Data to examine ->
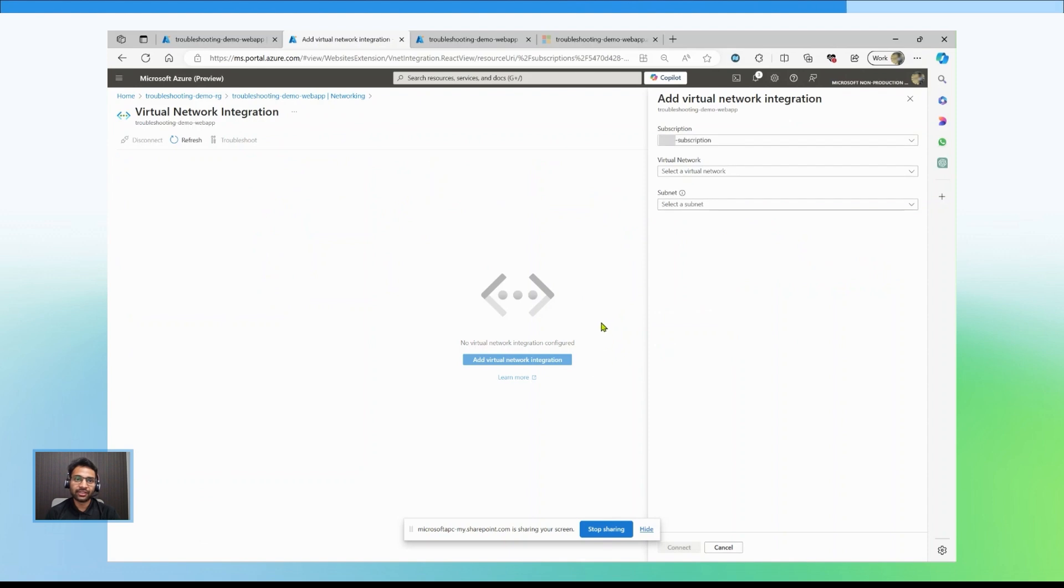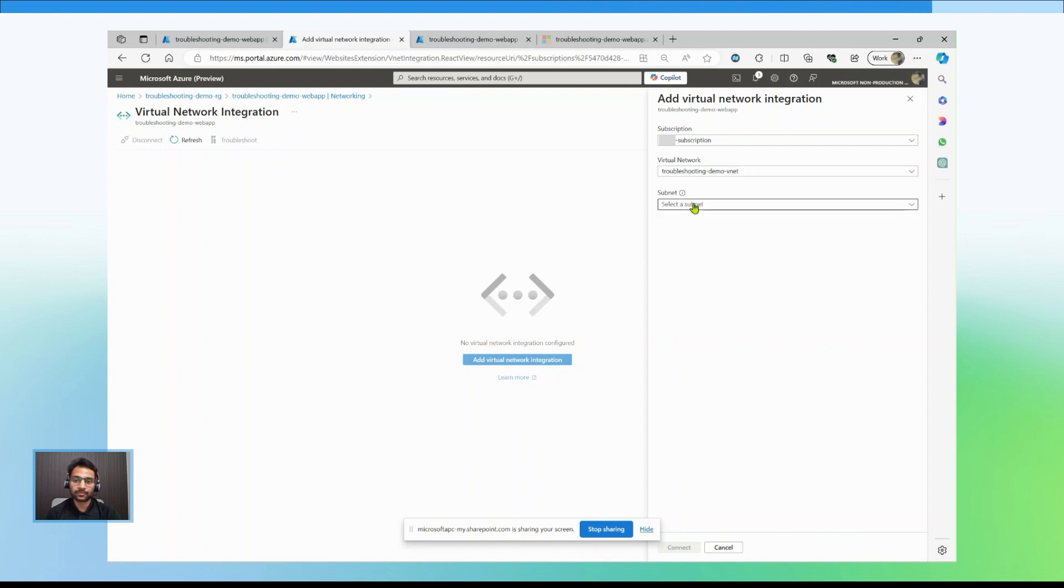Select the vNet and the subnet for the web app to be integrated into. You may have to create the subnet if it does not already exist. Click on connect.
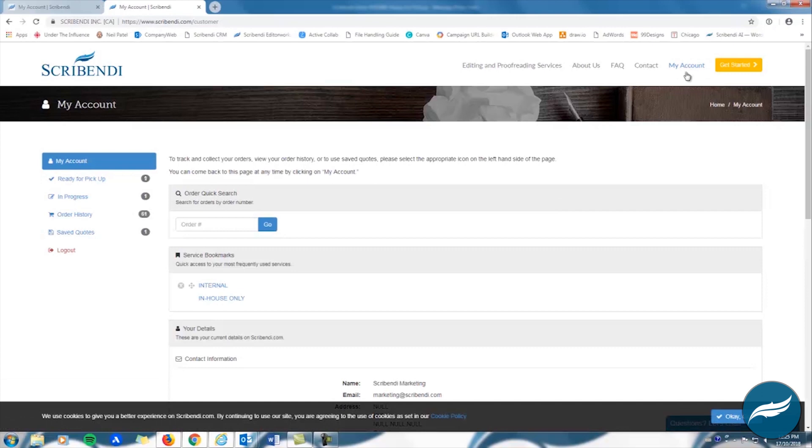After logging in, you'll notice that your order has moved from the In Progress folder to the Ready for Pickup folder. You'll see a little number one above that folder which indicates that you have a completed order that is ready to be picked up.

* * *

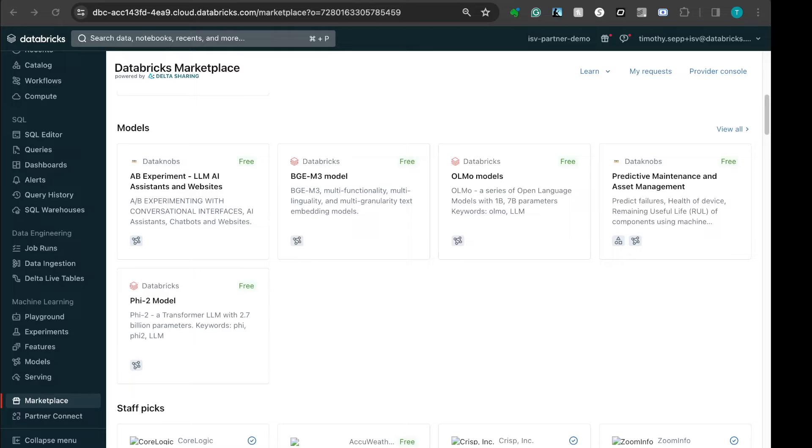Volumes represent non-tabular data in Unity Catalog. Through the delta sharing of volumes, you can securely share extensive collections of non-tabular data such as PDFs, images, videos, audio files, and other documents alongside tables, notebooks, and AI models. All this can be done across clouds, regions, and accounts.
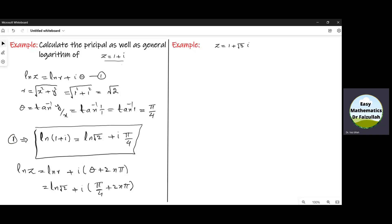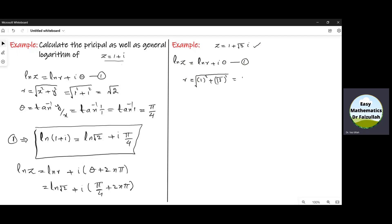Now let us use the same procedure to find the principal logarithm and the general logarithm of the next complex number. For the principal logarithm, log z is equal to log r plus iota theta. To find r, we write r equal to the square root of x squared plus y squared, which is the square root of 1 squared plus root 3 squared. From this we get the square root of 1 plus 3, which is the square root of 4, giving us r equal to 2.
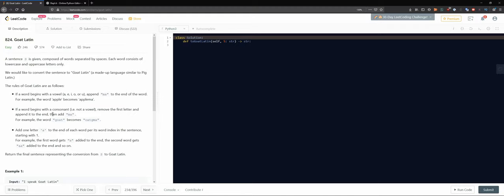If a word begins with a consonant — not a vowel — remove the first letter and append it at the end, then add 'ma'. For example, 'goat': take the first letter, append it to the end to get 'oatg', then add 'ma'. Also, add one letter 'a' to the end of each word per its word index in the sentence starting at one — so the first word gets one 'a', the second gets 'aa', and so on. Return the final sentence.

...

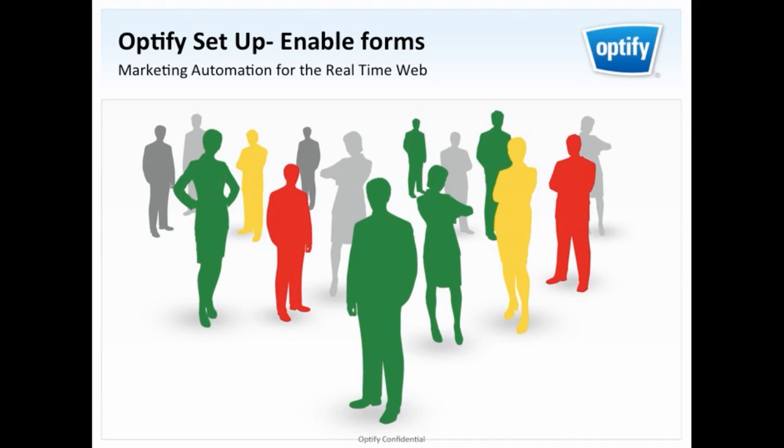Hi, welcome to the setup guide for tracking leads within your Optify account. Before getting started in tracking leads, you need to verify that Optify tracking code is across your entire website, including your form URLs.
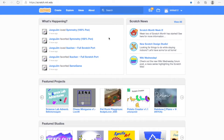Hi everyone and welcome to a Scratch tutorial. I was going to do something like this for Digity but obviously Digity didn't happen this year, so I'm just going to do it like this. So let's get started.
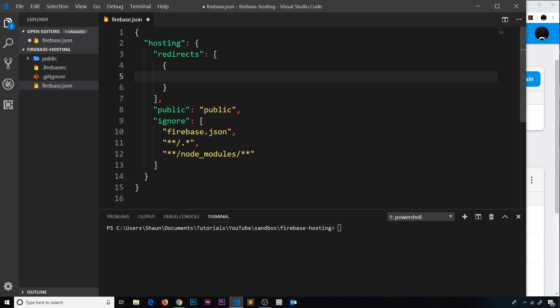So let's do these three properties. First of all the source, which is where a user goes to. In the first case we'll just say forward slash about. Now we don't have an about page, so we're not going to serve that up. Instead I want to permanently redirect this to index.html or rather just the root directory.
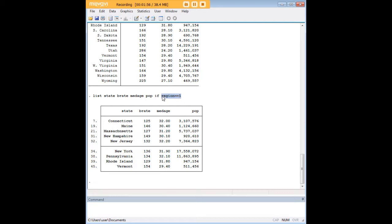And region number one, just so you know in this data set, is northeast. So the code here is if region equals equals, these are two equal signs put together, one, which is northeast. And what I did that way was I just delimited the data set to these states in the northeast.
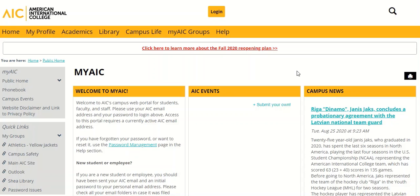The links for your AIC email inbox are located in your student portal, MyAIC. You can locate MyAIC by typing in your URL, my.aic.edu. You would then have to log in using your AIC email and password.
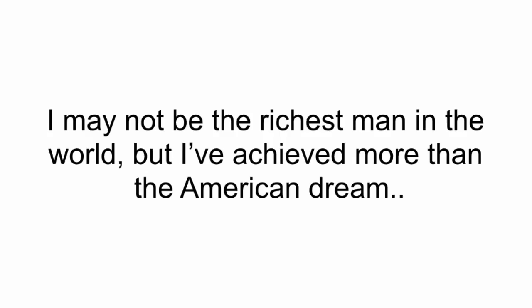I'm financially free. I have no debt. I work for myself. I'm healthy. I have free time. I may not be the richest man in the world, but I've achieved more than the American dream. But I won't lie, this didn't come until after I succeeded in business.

Required work -> Give the lines above again exactly, from the one containing "Select the vNet" to the one containing "After logging in, you'll", both included, but leave out the pictures.

Answer to this exercise ->
Select the vNet and the subnet for the web app to be integrated into. You may have to create the subnet if it does not already exist. Click on connect.
After logging in, you'll notice that your order has moved from the In Progress folder to the Ready for Pickup folder. You'll see a little number one above that folder which indicates that you have a completed order that is ready to be picked up.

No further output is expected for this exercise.